EXERCISE DESCRIPTION
Below are records to reproduce in full; copy them exactly but keep the pictures out.

SUPPLIED ENTRIES
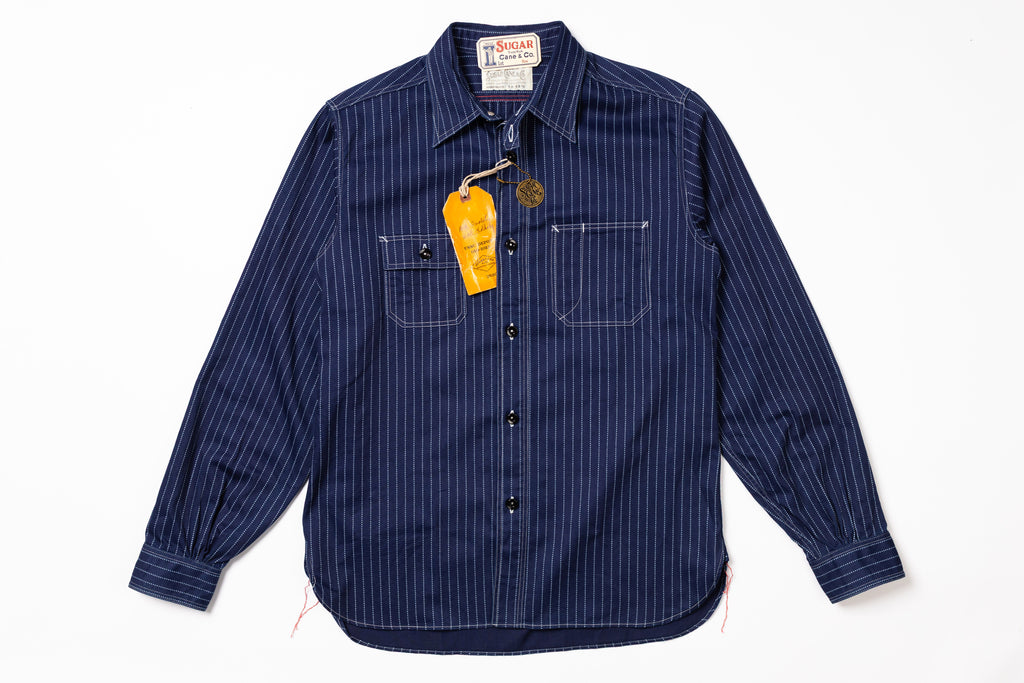 Blue striped shirt with a tag on a white background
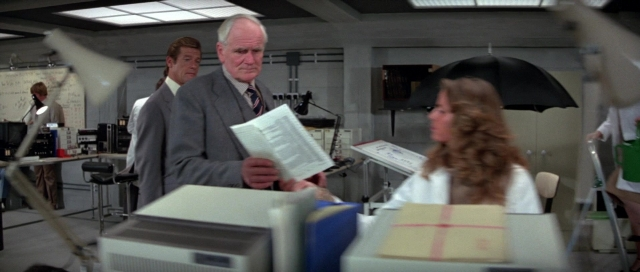 Wide shot frame from For Your Eyes Only — standing, room, coat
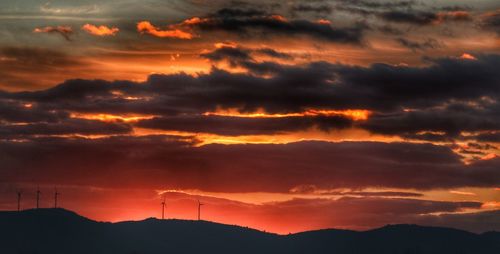 Wind turbines on mountain at sunset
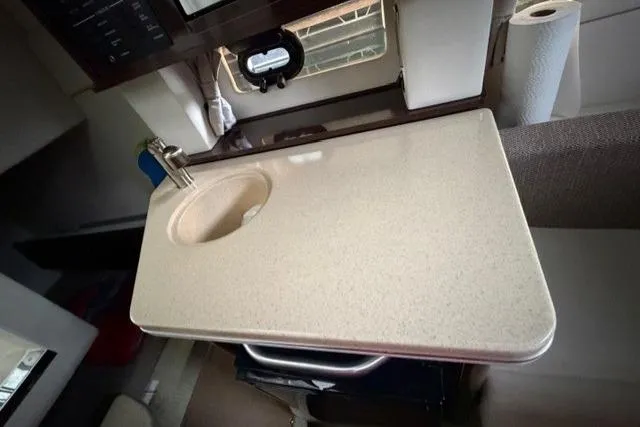 Slide: The Image of Interior of 2018 Sea Ray Sundancer 260 with compact sink and countertop. - 15
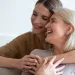 a woman kissing another woman's cheek
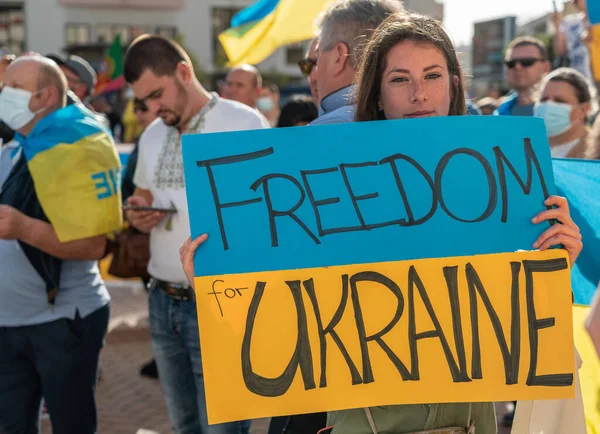 FARO-PORTUGAL - 2022年2月27日：反战抗议或反对入侵乌克兰的集会。拿着硬纸板横幅和纸板、旗帜的示威者。自由乌克兰 — 图库照片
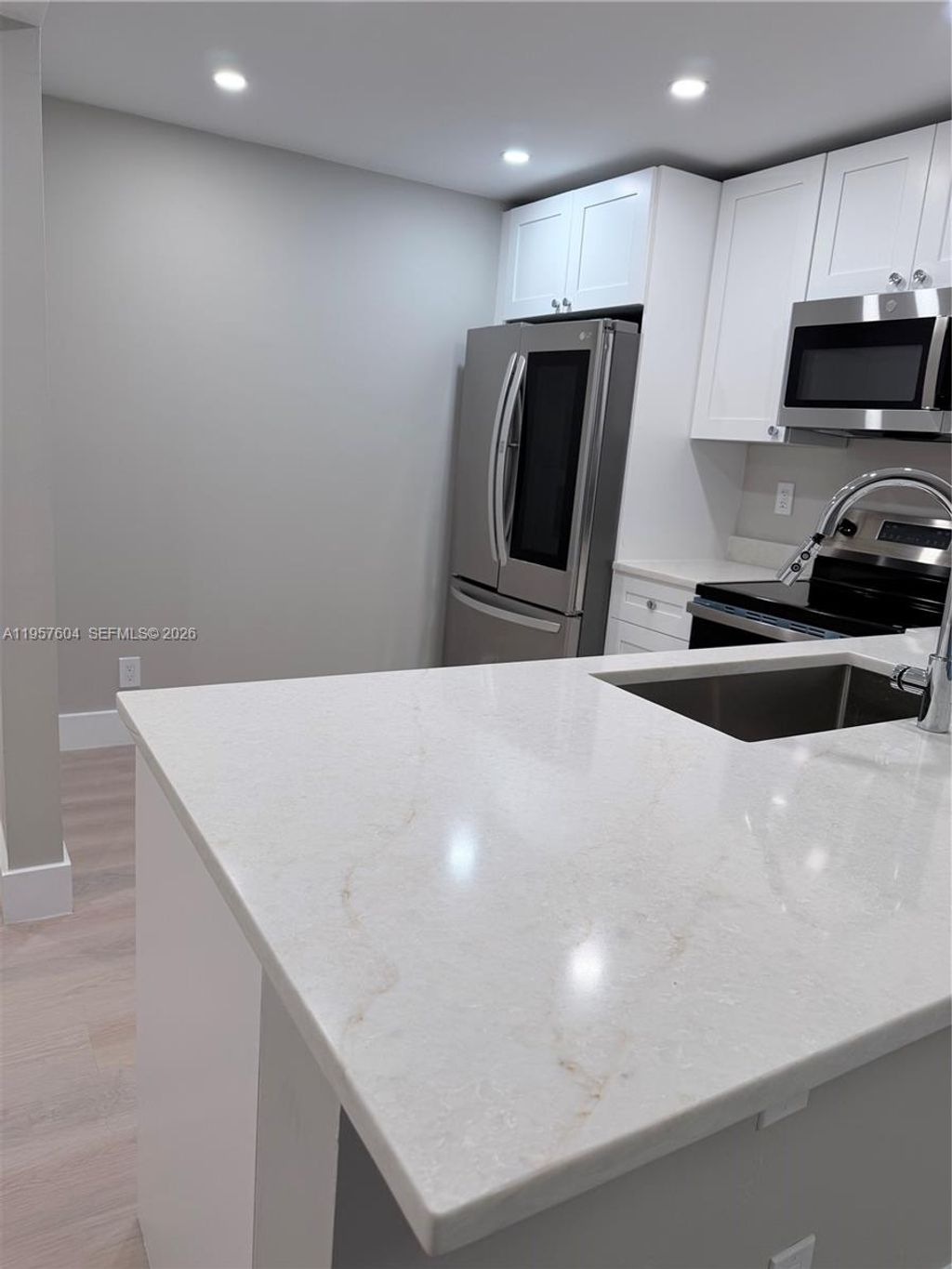 Photo of 2324 S Cypress Bend Dr #117, Pompano Beach, FL 33069 (MLS # A11957604)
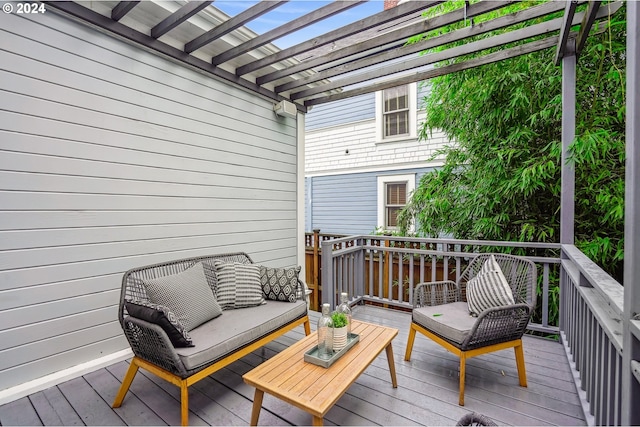 deck with a pergola and an outdoor hangout area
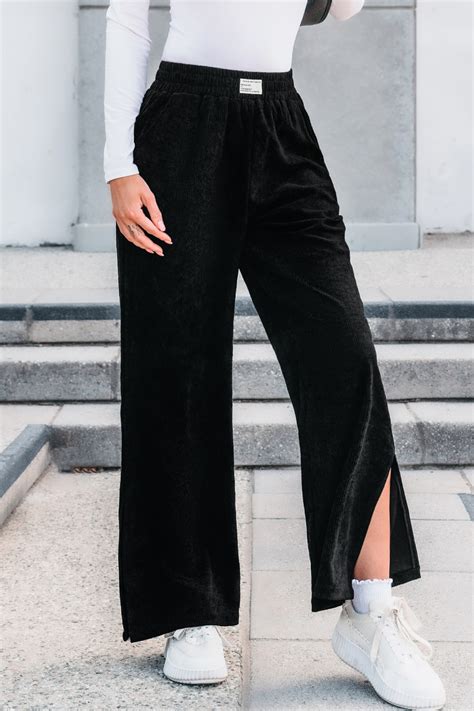 Mujer vistiendo pantalones de pana negros de tiro alto con pernera ancha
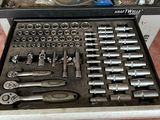 a tool kit in a tool box on the floor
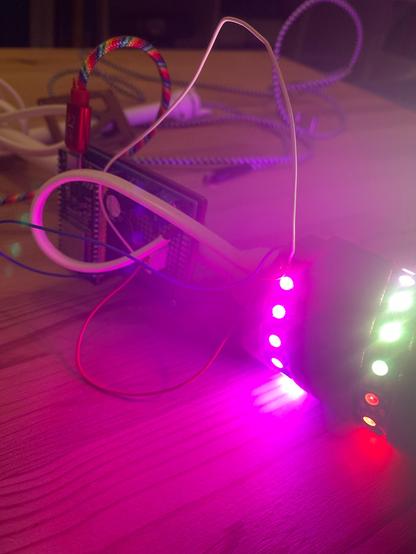 An ESP32, a mess of cables and pink leds in a spiral shape are on a table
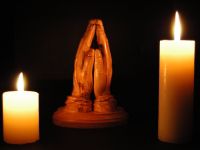 praying%20hands%20by%20candlelight
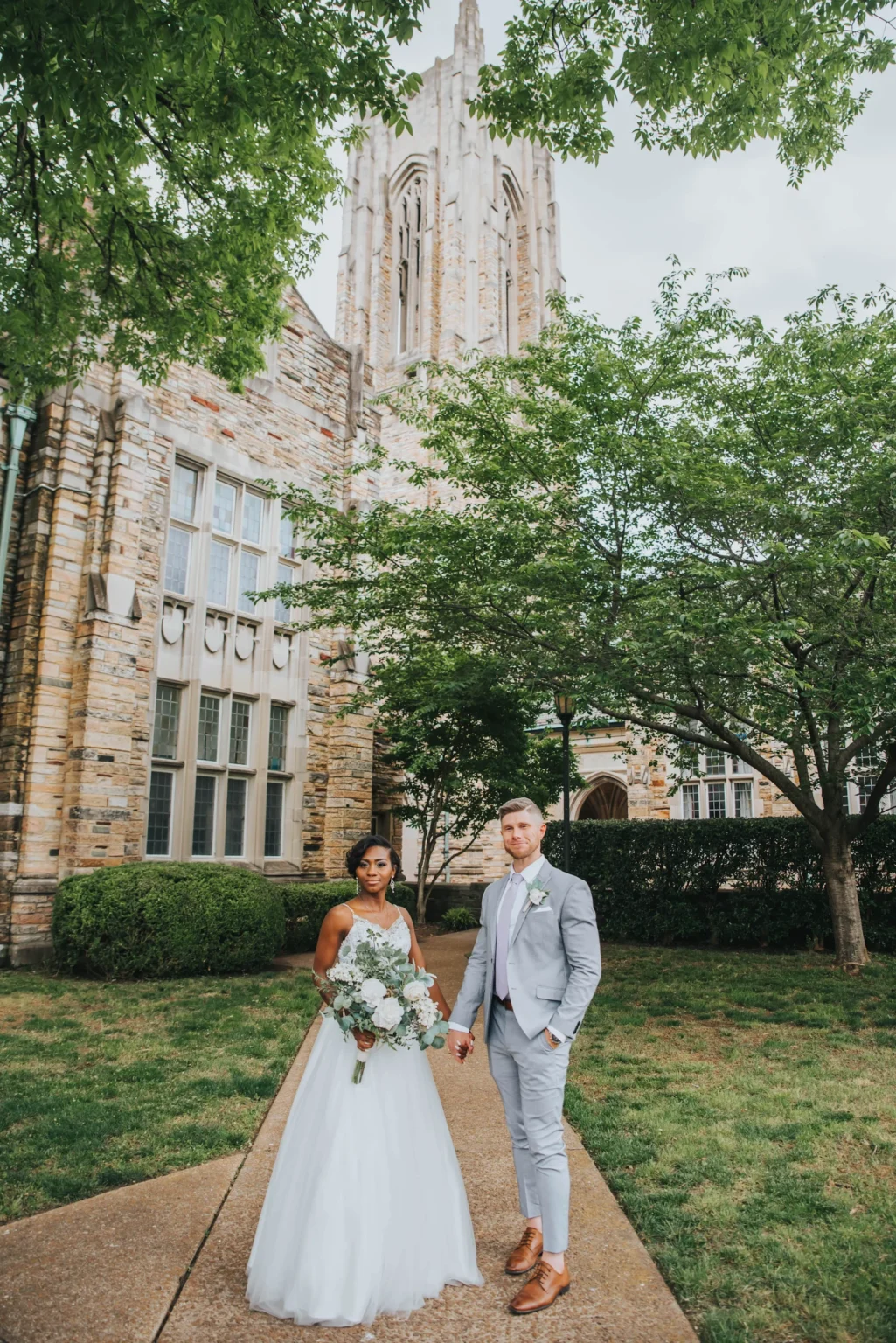 Elopement Wedding A newly-married couple stands hand in hand on a paved walkway in front of a historic stone building. The bride wears a white wedding gown and holds a bouquet of white flowers, while the groom is dressed in a light gray suit with a matching boutonniere. Green trees surround the scene. Elopements Inc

TASK RESULT
 Blue striped shirt with a tag on a white background
 Wide shot frame from For Your Eyes Only — standing, room, coat
 Wind turbines on mountain at sunset
 Slide: The Image of Interior of 2018 Sea Ray Sundancer 260 with compact sink and countertop. - 15
 a woman kissing another woman's cheek
 FARO-PORTUGAL - 2022年2月27日：反战抗议或反对入侵乌克兰的集会。拿着硬纸板横幅和纸板、旗帜的示威者。自由乌克兰 — 图库照片
 Photo of 2324 S Cypress Bend Dr #117, Pompano Beach, FL 33069 (MLS # A11957604)
 deck with a pergola and an outdoor hangout area
 Mujer vistiendo pantalones de pana negros de tiro alto con pernera ancha
 a tool kit in a tool box on the floor
 An ESP32, a mess of cables and pink leds in a spiral shape are on a table
 praying%20hands%20by%20candlelight
 Elopement Wedding A newly-married couple stands hand in hand on a paved walkway in front of a historic stone building. The bride wears a white wedding gown and holds a bouquet of white flowers, while the groom is dressed in a light gray suit with a matching boutonniere. Green trees surround the scene. Elopements Inc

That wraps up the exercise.